Several times throughout Hidden Figures, one of the film’s three protagonists- African-American women working at NASA in the early 1960s- will walk into a room, and dozens of white co-workers will turn to look, very surprised at who they see. Some of them look skeptical, some alarmed, some distrustful, and others still, are clearly upset. While this could have become a heavy-handed visual to repeat so many times, it quietly becomes an interesting thematic idea which ties into a claim one of the three women makes during the film. The idea of how important it is to be first. This was true of the space race between the United States and the Soviet Union and it was true for the women working for their opportunity to be a part of that race. What these women find is that the first one through the door isn’t always welcome there. The first is often greeted with hostility or incredulity. To be accepted, the first can’t merely be competent. The first has to be great.

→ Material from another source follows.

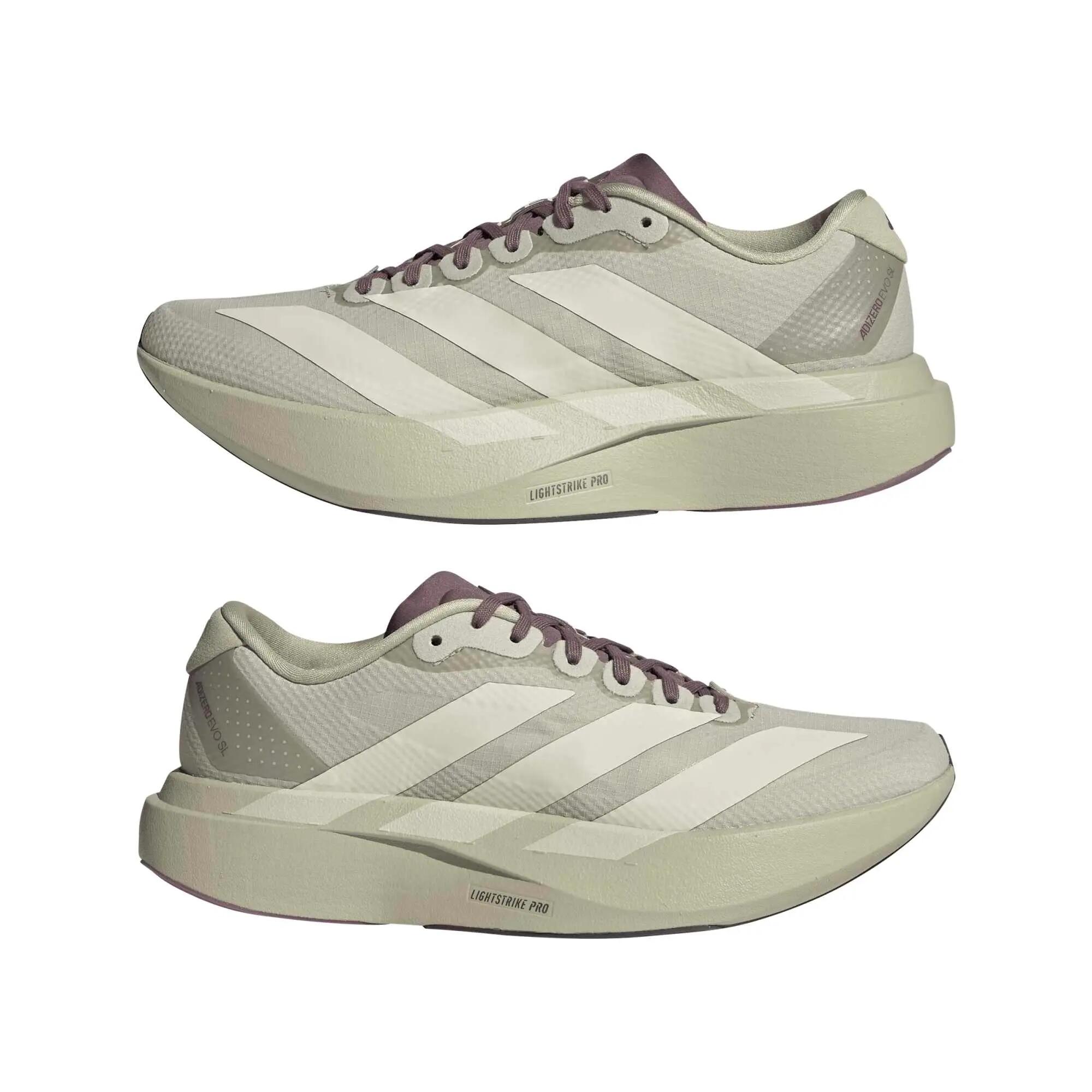 Kadın Koşu Ayakkabısı - Adidas Adizero Evo SL 7/13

In the early ‘60s, the American space program is lagging behind the Soviets and is desperately trying to play catch up. NASA’s personnel includes the efforts of “colored computers;” a large number of black female mathematicians who calculated shuttle trajectories by hand. These include Katherine Goble (Taraji P. Henson), should-be supervisor Dorothy Vaughan (Octavia Spencer), and Mary Jackson (Janelle Monae). Despite their brilliance and their inherent value to the space program, living and working in segregated Virginia means performing their calculations in a crowded basement office and in Mary’s case, not legally being able to attend the classes she needs to take to fulfill her ambition to become an engineer.

After their early scenes together, the three protagonists have their own separate storylines through the rest of the movie, with one clearly having the most narrative thrust. As Mary fights for the opportunity to take segregated college courses and Dorothy seeks the supervisory position she has unquestionably earned (and is already performing without recognition or title), Katherine is promoted to the Space Task Group, becoming the first African-American woman in the department. She will be working on the math that will not only send the first American into space but that will safely bring him home. It’s a job made all the more difficult by having so much information she needs to perform her job redacted by dismissive head engineer Paul Stafford (Jim Parsons) and by needing to spend a half hour running across campus every time she needs to use the bathroom due to segregation laws, taking a stack of work with her whenever she does.

Based upon the book of the same name by Margot Lee Shetterly, Hidden Figures has a screenplay by Allison Schroeder and Theodore Melfi, and is directed by Melfi (St. Vincent). It’s a movie that would have benefitted either from expanding into a mini-series or by making Katherine Goble its sole focus. Dorothy Vaughan and Mary Jackson have important stories worthy of being told but they are underserved here, feeling crammed into the 2 hour, 7 minute running time.  A mini-series could have given Dorothy and Mary’s stories room to breathe and develop. Unfortunately, the movie takes a middle ground which left me simultaneously wanting more and wishing that the film had kept its focus on Katherine and her work on getting Alan Shepard (Dane Davenport), Gus Grissom, and John Glenn (Glen Powell) into space.

Hidden Figures is at its strongest when it shows us Katherine working on calculations and shuttle trajectories. Giving us a glimpse into the mind of an incredibly brilliant woman, whom Henson brings to life with her terrific performance. She brings us in to feel her joy at breakthroughs and her frustrations at setbacks. Ultimately though, the movie too often takes a by the numbers approach, going for certain emotional buttons in ways that feel all too familiar. The end result is still a competent and solid film. But these were incredible people who did amazing things and did them in a world that was largely against them. People like that deserve an extraordinary movie that makes us feel the weight of their struggles and triumphs in a more palpable way. Melfi is more interested in making this a feel good story that deals with the racial problems the characters face primarily on a surface level. He never challenges the audience, opting instead to let the viewer simply feel superior to the characters portrayed by Parsons and Kirsten Dunst.

I stated in my review of Hacksaw Ridge that, “[F]ilms about real life historical heroes are often given a pass by a certain percentage of their audience. …[T]he mere fact that the story of a laudable figure is being told is enough for some.” It feels as though Melfi was counting on that. This certainly didn’t make him so lazy that he mailed Hidden Figures in, but he also didn’t make it into the film it really could have been. Katherine Goble Johnson, Dorothy Vaughan, Mary Jackson, and the many pioneers with whom they worked are worthy of a movie that strives to be more than ordinary. They had to be great. This movie could have been too.